It is frustrating to all of us watching and waiting to hear of an arrest.
Today Zahra Baker's murderer went to court. Oct 9 will be one year since Zahra was reported missing. It has been a long year and the outcome wasn't what most of us wanted but EB is in prison. Better something than nothing.
Celina is just as important and it is another case much like Zahra's in that the evidence just wasn't there. This might be another case where the DA is going to have to do a Plea Agreement with the Devil - (accused) to get any kind of conviction.
There are a lot of variables involved with a plea agreement. At this point, we don't know what LE has or who they suspect so it is a waiting game.
I don't think any amount of press coverage can solve a case. Even when we think it is cold I believe someone will be working on it. These detectives want to find out if it was an accident or who killed her, how she was killed, and why was she killed.

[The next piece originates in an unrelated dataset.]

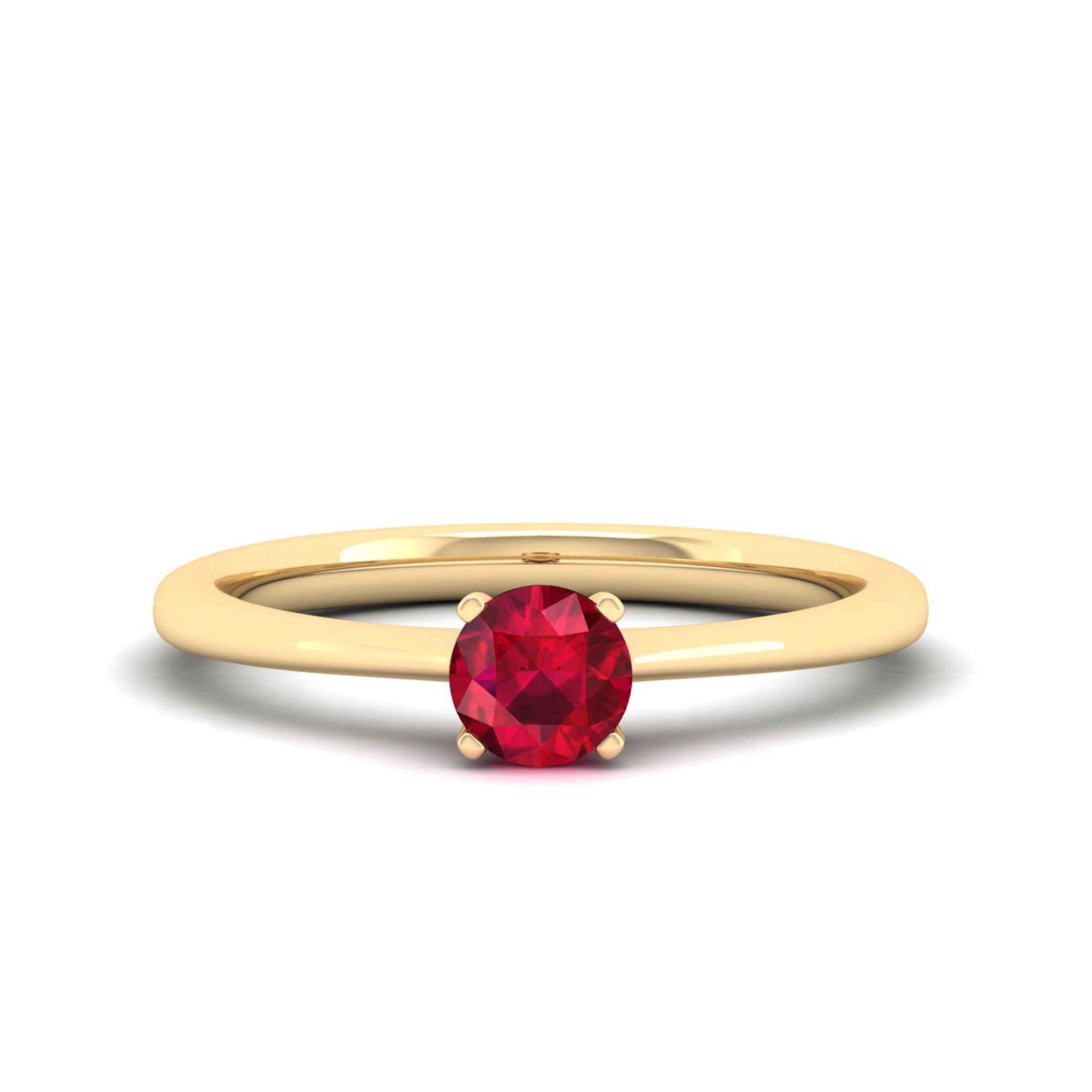 Celestar Classic Round Ruby Solitaire Ring  0.50 Carat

Too much coverage can be as damaging as too little imo. Look at Caylee, look at the coverage, did Caylee get justice. It became a three ring circus, the Anthonys, The defense team, and the Prosecution team. Somehow, in all of that the media focused on Casey, not on Caylee. She seemed to be lost in the arena. I wonder if there had been less coverage if there would have been a conviction????? We'll never know and again the evidence just wasn't there for a murder conviction.
We all want the same thing for Celina whether she was murdered or if it was some kind of terrible accident that someone attempted to hide. We want the truth and with that truth we want justice, real justice. We want peace for her family, friends, and the town.

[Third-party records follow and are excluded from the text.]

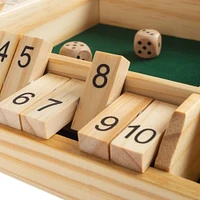 Toy Time 4-Player Wooden Shut the Box Game Set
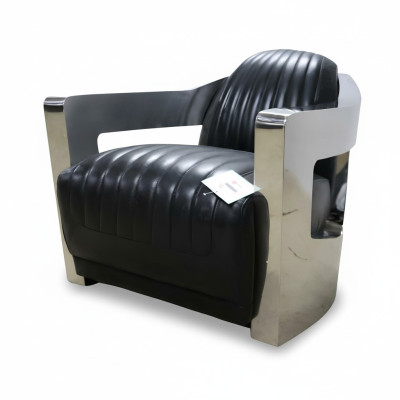 Lederen fauteuil Aviator Club fauteuil Art Deco Cocktail fauteuil TV fauteuil nieuw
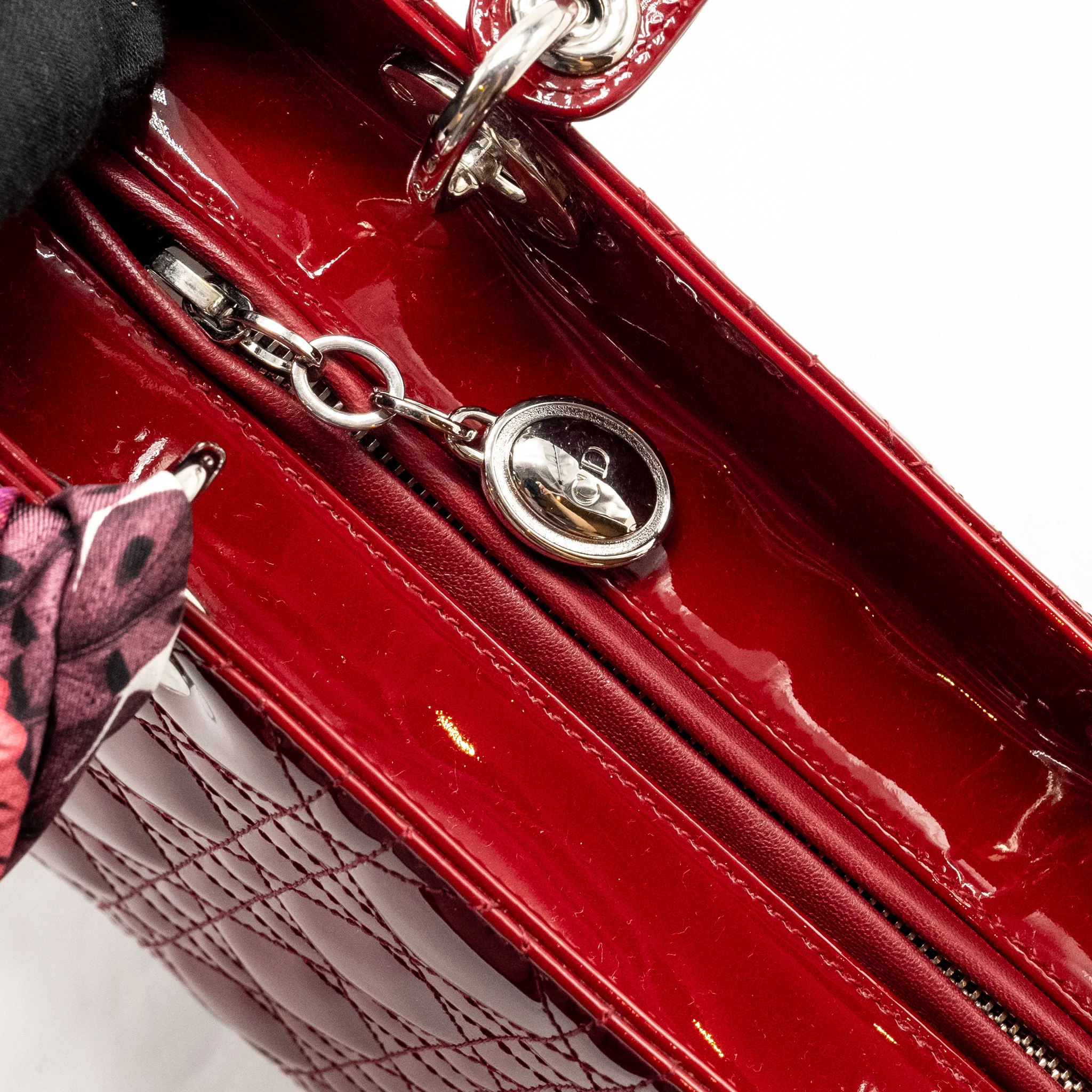 Dior Medium LadyDior Patent Dark Red SHW - Image 14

Well, now that I've preached a sermon I feel like I need to say, "Let us Pray"
(Responding to the bolded bit in the middle...)

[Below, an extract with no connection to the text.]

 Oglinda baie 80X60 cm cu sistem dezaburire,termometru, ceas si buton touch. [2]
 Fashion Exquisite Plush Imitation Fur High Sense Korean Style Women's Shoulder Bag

Respectfully, we know that this is not correct. Press coverage and TV shows often solve cases that the police have essentially abandoned.
It is all well and good for the police to say 'If you know anything tell us please,' but if the public does not know any information about the case they cannot possibly know what information is useful. In other words you don't know if you have a puzzle piece until you get a glimpse of the puzzle itself.
The flip side of this is potentially ruining the case. But this is a bit far fetched. The prosecution is required by law to give the defense access to all the evidence they intend to present at trial. There is no secrets there. And while it might be useful for the police to hold back a few key details only the killer might know, this in no way would preclude them from releasing some or even most of the information they have. It's not like they would be telling the killer something he does not already know.
The only people they are letting in on the secret are the public, the people who employ them and who might actually have the pieces they are missing.
As for Casey Anthony, like many notorious cases it was tried in the press before it was tried in court, and it is possible that this influenced the result. Possible, but not really likely. Casey walked for a bunch of reasons, not the least of which was a very good defense team and a prosecution that got a bit too clever for their own case. But that case was sensational from the beginning, this one not so much.